Modern-Day Medicine Woman
Kay Bradshaw-Smith is the first to admit she is an overachiever. She is also a trailblazer. In her 22-year career as a physician assistant, she has led the way in several areas of health care. She was the first physician assistant in San Diego County to open a private practice, the first physician assistant to be appointed hospital privileges, and one of seven U.S. physician assistants to be part of the first medical delegation to Brazil in 2003.
“I feel so very fortunate to have reached my goal of establishing my own practice, which allows me to provide the high-quality, comprehensive medicine in a caring manner that I had always envisioned,” she says.
Bradshaw-Smith is also a medical expert witness in lawsuits, a preceptor for Stanford University’s Physician Assistant and Family Nurse Practitioner programs, and a volunteer for local schools performing athletic exams. Given her busy lifestyle, it is no wonder Bradshaw-Smith dreams about building a home in the mountains and becoming a “backwoods medicine woman who is paid with chickens and pies” after retiring.

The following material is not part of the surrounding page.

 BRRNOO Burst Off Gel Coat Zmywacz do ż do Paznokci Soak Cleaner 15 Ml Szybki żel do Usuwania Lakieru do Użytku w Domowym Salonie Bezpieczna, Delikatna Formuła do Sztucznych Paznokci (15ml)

Bradshaw-Smith graduated from California State University, Chico in 1978 with a bachelor’s degree in natural sciences and obtained her primary care physician assistant degree from the University of Southern California School of Medicine in 1982. While she was at CSU, Chico, her biology professors told her she should go into medicine. “They gave me the self-confidence to know that I had a lot to offer in that field,” she says. But Bradshaw-Smith says it was not until her father, who had been diagnosed with terminal cancer, echoed her professors’ advice that she knew in her heart that medicine was the direction she wanted to go.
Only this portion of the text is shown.